== PROBLEM DESCRIPTION ==
Nothing but the lines from the top of the data to the line holding "ein Bad mit" should be printed, word for word and both ends included; leave the pictures out.

== GIVEN RECORDS ==
=== Section Start ===
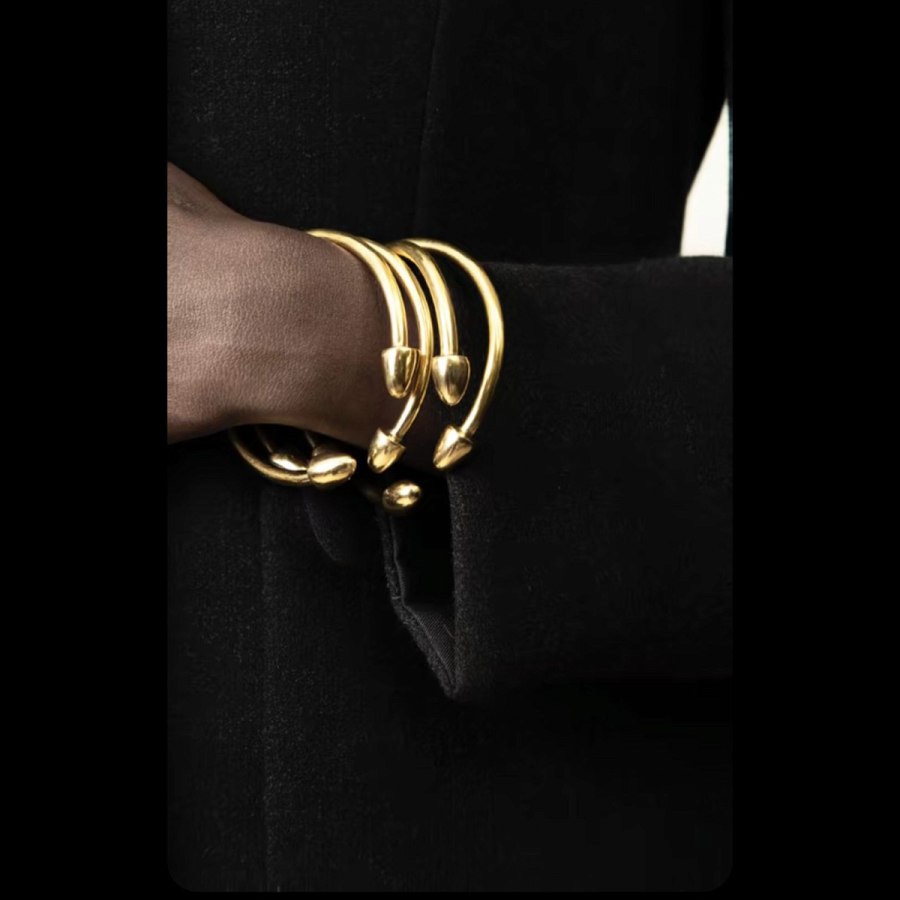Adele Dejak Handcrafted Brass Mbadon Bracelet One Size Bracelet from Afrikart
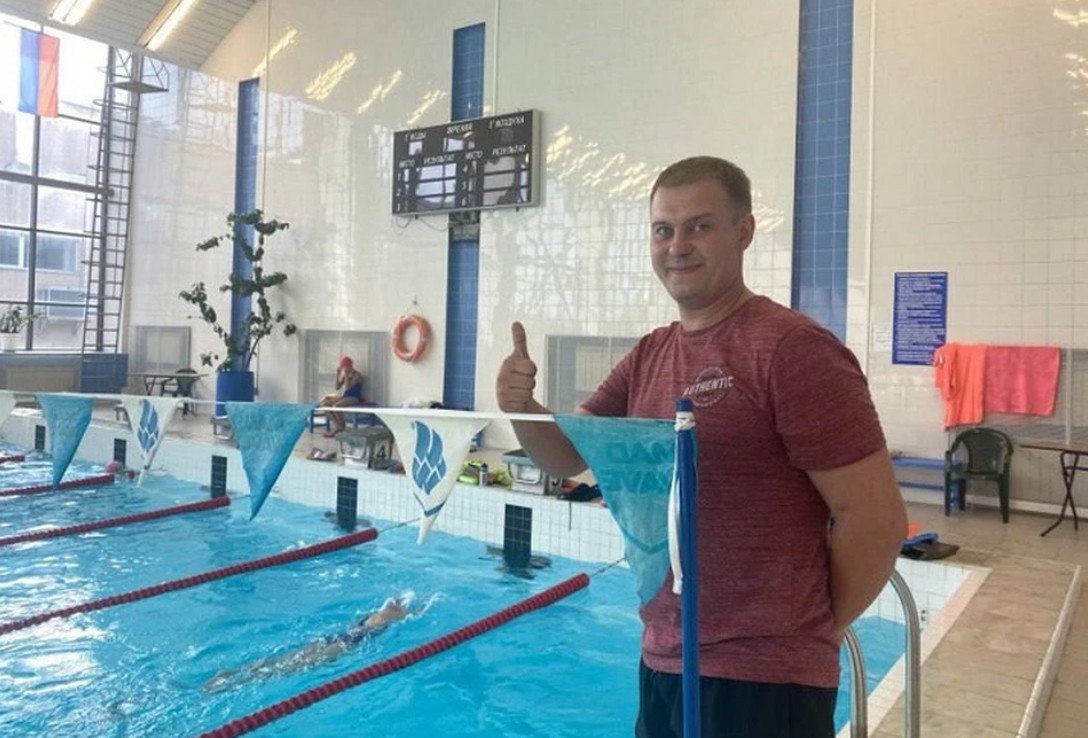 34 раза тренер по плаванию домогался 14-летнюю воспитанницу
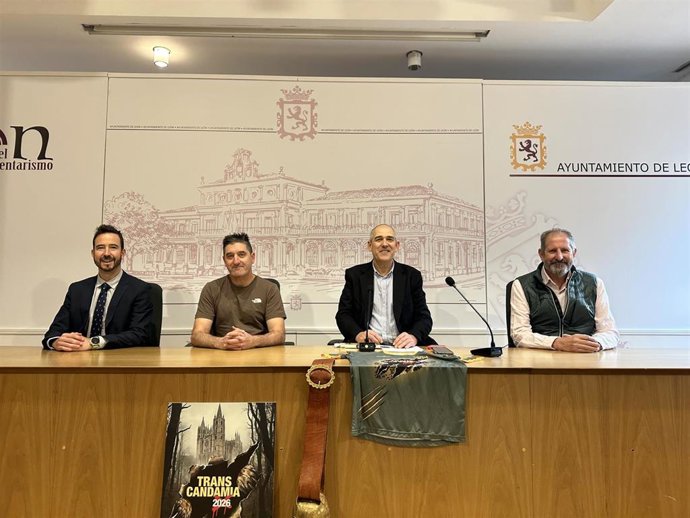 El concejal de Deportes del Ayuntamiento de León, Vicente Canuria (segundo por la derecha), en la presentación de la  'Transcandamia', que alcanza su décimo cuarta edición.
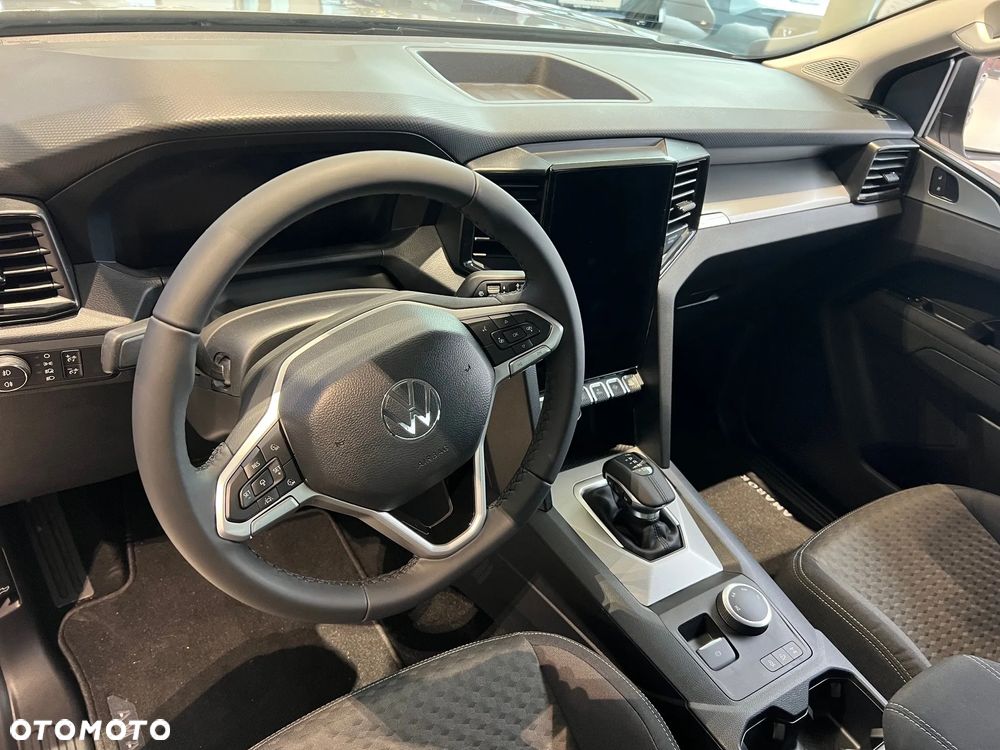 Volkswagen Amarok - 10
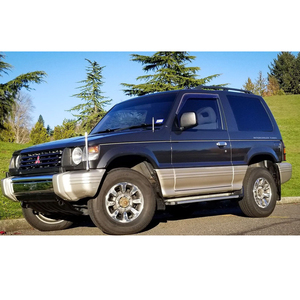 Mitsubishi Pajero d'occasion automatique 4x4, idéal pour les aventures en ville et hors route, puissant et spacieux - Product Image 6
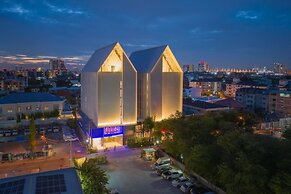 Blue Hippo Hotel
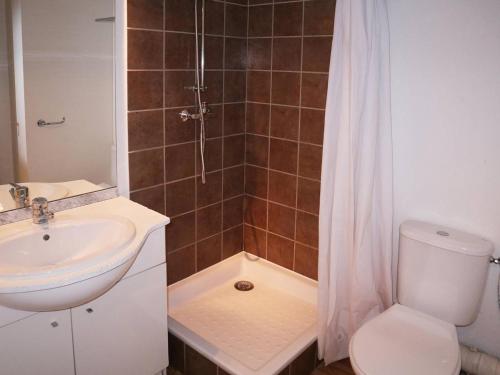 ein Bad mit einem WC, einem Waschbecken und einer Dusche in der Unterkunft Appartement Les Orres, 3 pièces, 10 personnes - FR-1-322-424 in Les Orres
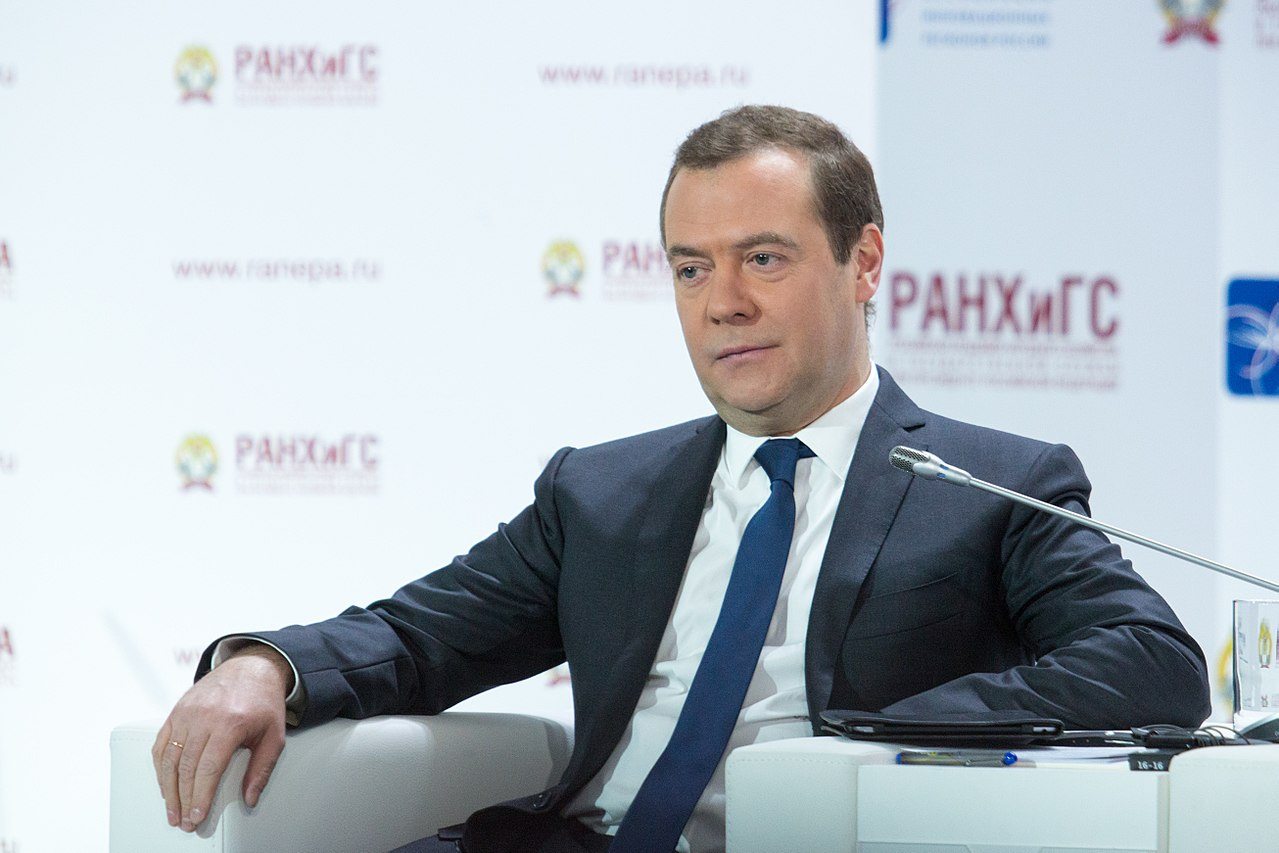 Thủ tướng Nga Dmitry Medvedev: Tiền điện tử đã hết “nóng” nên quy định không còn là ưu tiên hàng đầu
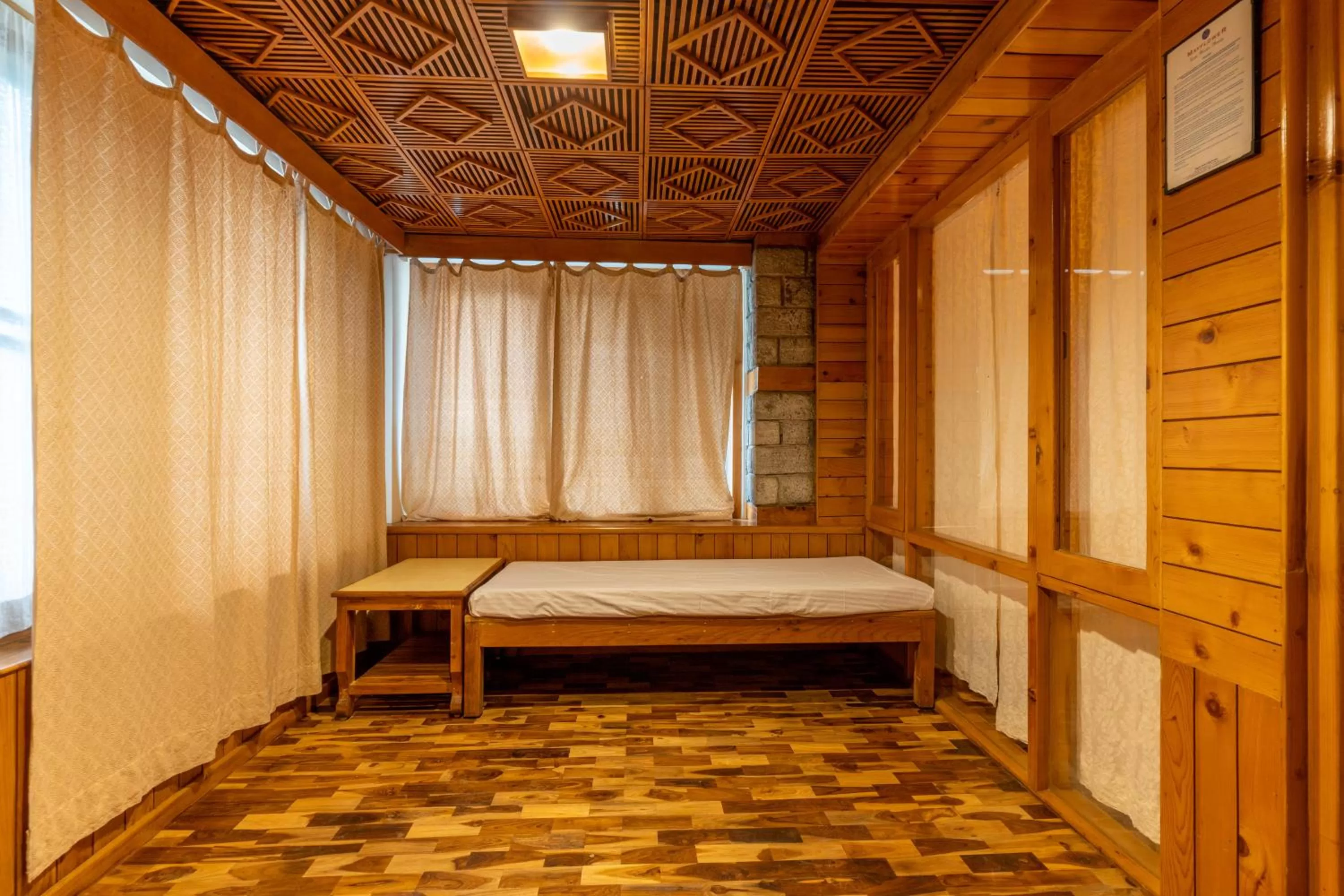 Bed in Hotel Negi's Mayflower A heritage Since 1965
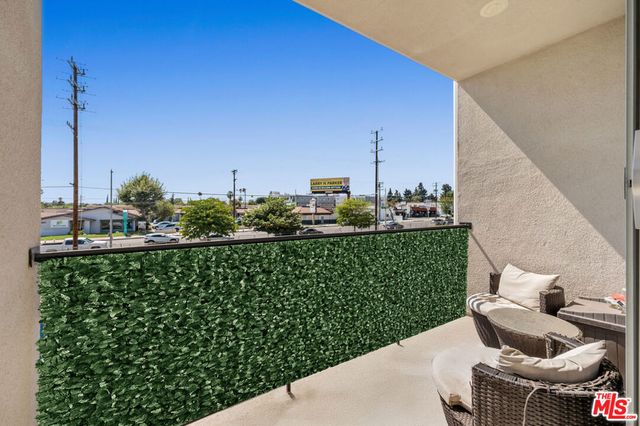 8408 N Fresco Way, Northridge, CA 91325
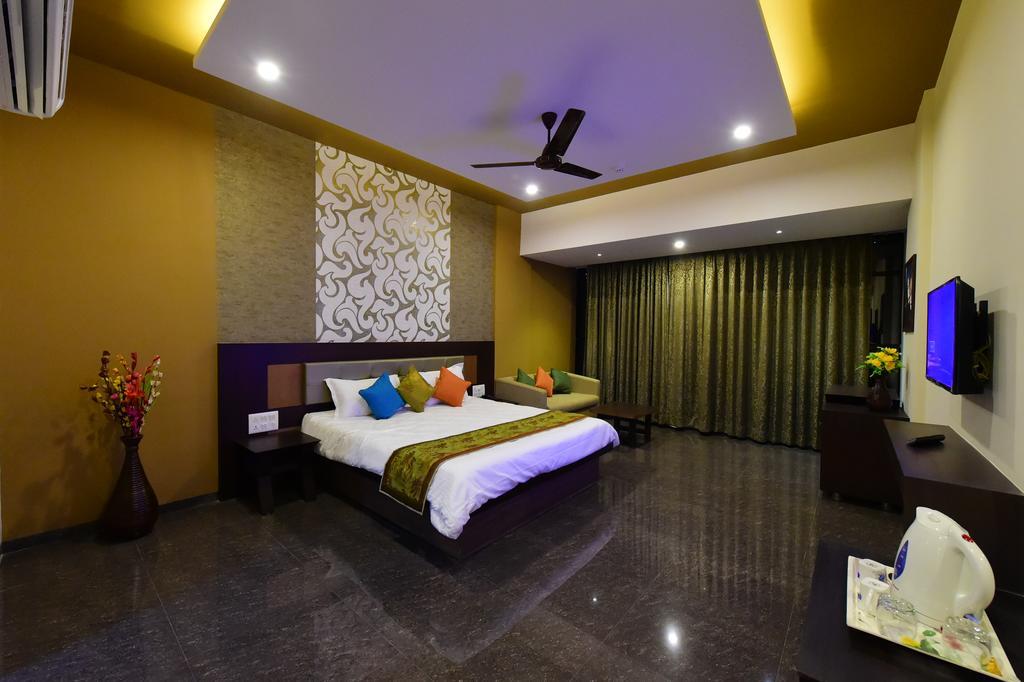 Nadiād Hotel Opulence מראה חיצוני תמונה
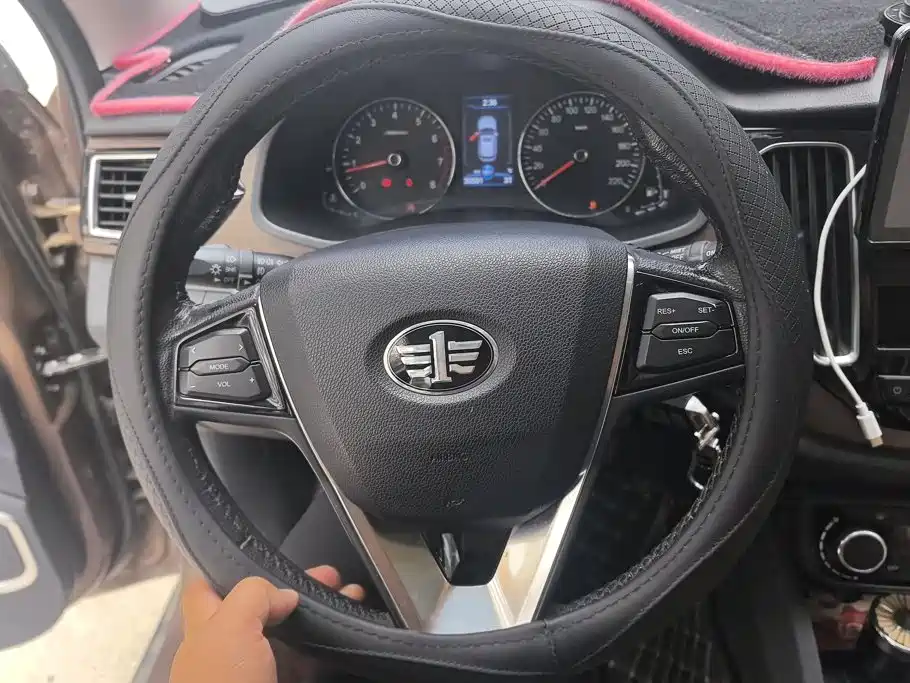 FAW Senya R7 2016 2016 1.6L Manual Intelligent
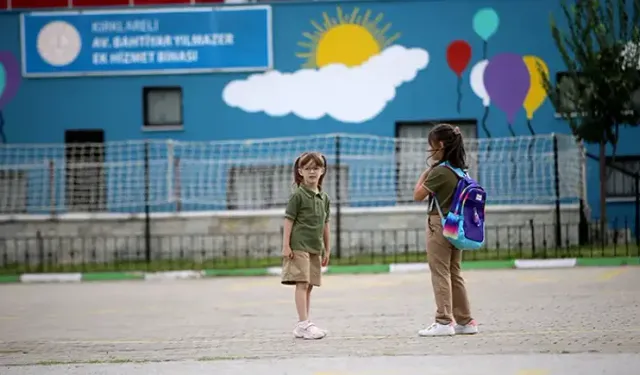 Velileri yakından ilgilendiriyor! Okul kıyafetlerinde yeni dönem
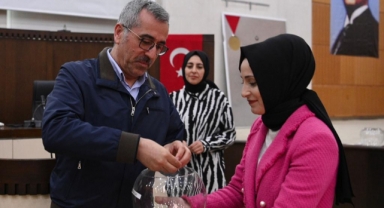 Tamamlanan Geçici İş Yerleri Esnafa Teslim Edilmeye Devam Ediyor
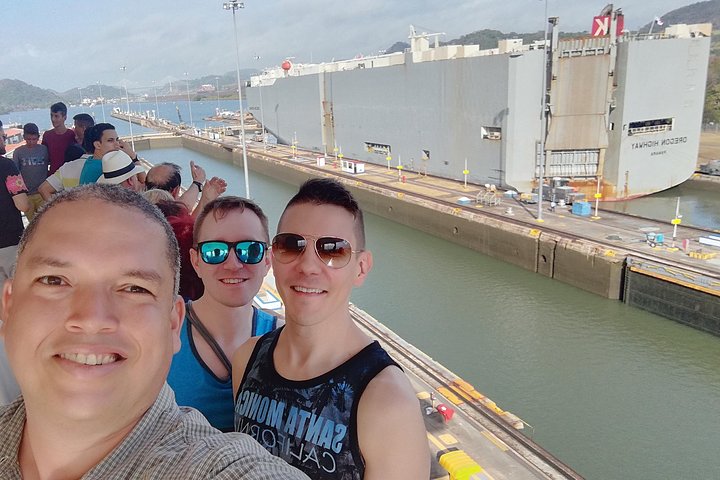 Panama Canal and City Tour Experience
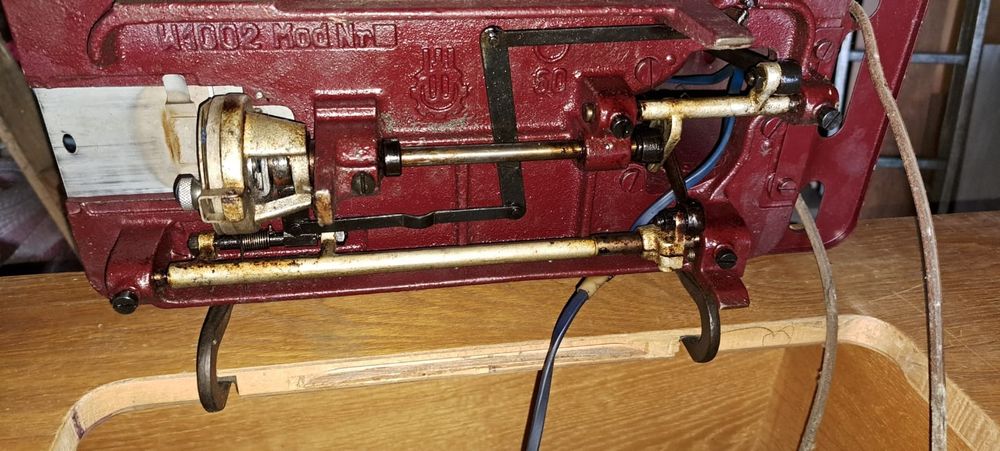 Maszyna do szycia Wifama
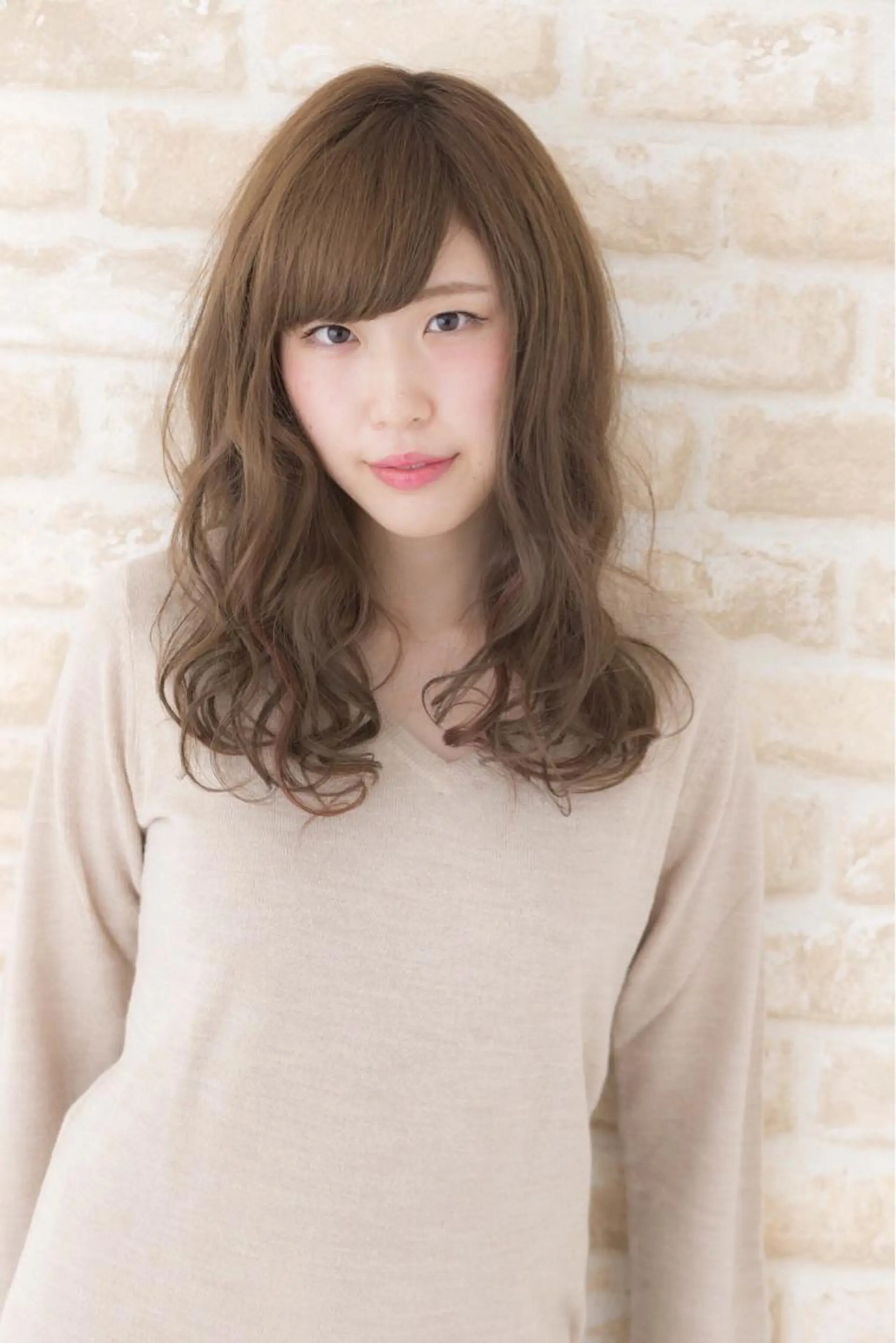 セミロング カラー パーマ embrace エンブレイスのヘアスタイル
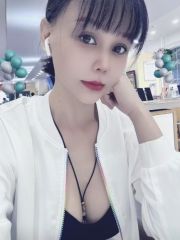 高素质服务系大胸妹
=== Section End ===
== RESULT ==
Adele Dejak Handcrafted Brass Mbadon Bracelet One Size Bracelet from Afrikart
 34 раза тренер по плаванию домогался 14-летнюю воспитанницу
 El concejal de Deportes del Ayuntamiento de León, Vicente Canuria (segundo por la derecha), en la presentación de la  'Transcandamia', que alcanza su décimo cuarta edición.
 Volkswagen Amarok - 10
 Mitsubishi Pajero d'occasion automatique 4x4, idéal pour les aventures en ville et hors route, puissant et spacieux - Product Image 6
 Blue Hippo Hotel
 ein Bad mit einem WC, einem Waschbecken und einer Dusche in der Unterkunft Appartement Les Orres, 3 pièces, 10 personnes - FR-1-322-424 in Les Orres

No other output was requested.